Bremer’s ruling was considered the second worst mistake the Bush administration made in Iraq, next to defense secretary Donald Rumsfeld’s decision – contrary to the view of most US military experts – that 150,000 troops would be sufficient to dismantle Saddam’s regime and bring Iraq under control.
This ruling condemned many thousands of former Iraqi officers and soldiers to choosing between a life of poverty and deprivation for themselves and their families and their only alternative: to join the Sunni Muslim guerilla war – with the guarantee of a monthly paycheck equal to their wages from Saddam’s regime.
Most of them chose the latter, giving the leaders of the guerilla war against the Americans an infusion of professional and experienced manpower.
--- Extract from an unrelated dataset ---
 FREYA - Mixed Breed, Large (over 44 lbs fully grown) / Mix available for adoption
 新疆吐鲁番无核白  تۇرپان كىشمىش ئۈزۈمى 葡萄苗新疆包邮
The Iraqi parliament has 275 deputies. The disqualification of 90 elected members – most of them Sunnis and secular – even before the votes were counted and the results made public – will have two immediate consequences: approximately 30 percent of the democratically elected parliament will be prevented from taking their seats, leading the Sunnis to total disenchantment with the democratic election process. They will seize on this setback as further proof that whatever they do, including massive participation in the elections, they will never be admitted to a position of influence within the Shite-Kurdish regime in Baghdad.
Therefore, they will reason, the only avenue left open to them is to continue their guerilla war against the Americans and the Iraqi regime.
In recent days, this inclination has gained favor among the Sunnis. They are increasingly suspicious that the general election was rigged with the help of Iranian intelligence agents to boost the Shiite share of the vote beyond its close to 60 percent of the population.
Another effect could be closer cooperation between radical Sunnis and Abu Musab al Zarqawi’s al Qaida in Iraq, which has maintained all along that Sunni participation in the new political process is a delusion that will only lead to more repression.
On December 25, the bullet-ridden body of a young Sunni Muslim, Qusay Salahaddin, was found in Mosul. As the head of the local student union, he led last week’s demonstrations against the alleged voter fraud in the parliamentary elections. When he was abducted on December 22, he managed to reach his cell phone and shout to his friends that he was in the hands of the peshmerga, the Kurdish militia, and they were going to kill him for his impudence in raising charges of voter fraud.
The New York Times, in its lead editorial December 27, advised the Sunnis to reconcile themselves to their limited influence in parliament since they represented no more than 20 percent of the population. Most Sunnis do not read The New York Times, but they can count: the Kurds, who represent no more than 18 percent of the population, scored much better than they; their candidates were not disqualified and no one kidnapped and killed Kurds who complained about forged ballots.
One exception is the Kurdish Bahram Salah, a former Iraqi deputy prime minister and chief election strategist for Iyyad Alawi’s secular alliance. He is speaking openly of rigged election results.
The talk coming out of Washington these days is resigned: we will we have to reconcile ourselves to a kind of “sectarian democracy” prevailing in Iraq in the next few years, official sources are saying. In practical terms, this assessment reduces the prospects of an early US military withdrawal from Iraq amid a corresponding expectation of a heightened Sunni insurgency.